WHAT THIS TASK INVOLVES: Start at the top and transcribe every record through the final line exactly.
[[ WORKING DATA open ]]
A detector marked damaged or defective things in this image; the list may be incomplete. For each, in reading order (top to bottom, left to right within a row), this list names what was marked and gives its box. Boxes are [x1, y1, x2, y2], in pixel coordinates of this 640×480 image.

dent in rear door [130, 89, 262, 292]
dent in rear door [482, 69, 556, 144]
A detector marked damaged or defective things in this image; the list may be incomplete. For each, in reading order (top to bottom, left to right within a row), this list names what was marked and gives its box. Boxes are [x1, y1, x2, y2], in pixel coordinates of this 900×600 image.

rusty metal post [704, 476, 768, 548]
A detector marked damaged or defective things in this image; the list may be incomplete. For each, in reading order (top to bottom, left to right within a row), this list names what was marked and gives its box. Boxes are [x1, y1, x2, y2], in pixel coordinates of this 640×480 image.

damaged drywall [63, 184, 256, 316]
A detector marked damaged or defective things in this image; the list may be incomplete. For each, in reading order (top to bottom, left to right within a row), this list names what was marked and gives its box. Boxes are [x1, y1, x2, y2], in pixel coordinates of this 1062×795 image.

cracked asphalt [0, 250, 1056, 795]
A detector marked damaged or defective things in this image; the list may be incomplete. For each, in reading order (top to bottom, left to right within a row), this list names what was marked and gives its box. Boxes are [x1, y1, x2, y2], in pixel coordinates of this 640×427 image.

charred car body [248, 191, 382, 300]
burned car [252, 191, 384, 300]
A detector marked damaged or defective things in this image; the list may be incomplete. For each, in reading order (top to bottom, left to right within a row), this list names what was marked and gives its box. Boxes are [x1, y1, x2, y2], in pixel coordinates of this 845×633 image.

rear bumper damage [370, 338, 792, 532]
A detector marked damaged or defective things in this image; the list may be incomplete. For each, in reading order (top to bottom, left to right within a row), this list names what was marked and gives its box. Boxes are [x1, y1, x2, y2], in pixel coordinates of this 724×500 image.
[[ WORKING DATA closed ]]
FINISHED EXERCISE:
A detector marked damaged or defective things in this image; the list may be incomplete. For each, in reading order (top to bottom, left to right within a row), this list names what was marked and gives its box. Boxes are [x1, y1, x2, y2], in pixel coordinates of this 640×480 image.

dent in rear door [130, 89, 262, 292]
dent in rear door [482, 69, 556, 144]
A detector marked damaged or defective things in this image; the list may be incomplete. For each, in reading order (top to bottom, left to right within a row), this list names what was marked and gives its box. Boxes are [x1, y1, x2, y2], in pixel coordinates of this 900×600 image.

rusty metal post [704, 476, 768, 548]
A detector marked damaged or defective things in this image; the list may be incomplete. For each, in reading order (top to bottom, left to right within a row), this list names what was marked and gives its box. Boxes are [x1, y1, x2, y2], in pixel coordinates of this 640×480 image.

damaged drywall [63, 184, 256, 316]
A detector marked damaged or defective things in this image; the list may be incomplete. For each, in reading order (top to bottom, left to right within a row), this list names what was marked and gives its box. Boxes are [x1, y1, x2, y2], in pixel coordinates of this 1062×795 image.

cracked asphalt [0, 250, 1056, 795]
A detector marked damaged or defective things in this image; the list may be incomplete. For each, in reading order (top to bottom, left to right within a row), this list names what was marked and gives its box. Boxes are [x1, y1, x2, y2], in pixel coordinates of this 640×427 image.

charred car body [248, 191, 382, 300]
burned car [252, 191, 384, 300]
A detector marked damaged or defective things in this image; the list may be incomplete. For each, in reading order (top to bottom, left to right within a row), this list names what was marked and gives its box. Boxes are [x1, y1, x2, y2], in pixel coordinates of this 845×633 image.

rear bumper damage [370, 338, 792, 532]
A detector marked damaged or defective things in this image; the list may be incomplete. For each, in reading order (top to bottom, left to right within a row), this list names what was marked and gives its box. Boxes are [x1, y1, x2, y2], in pixel coordinates of this 724×500 image.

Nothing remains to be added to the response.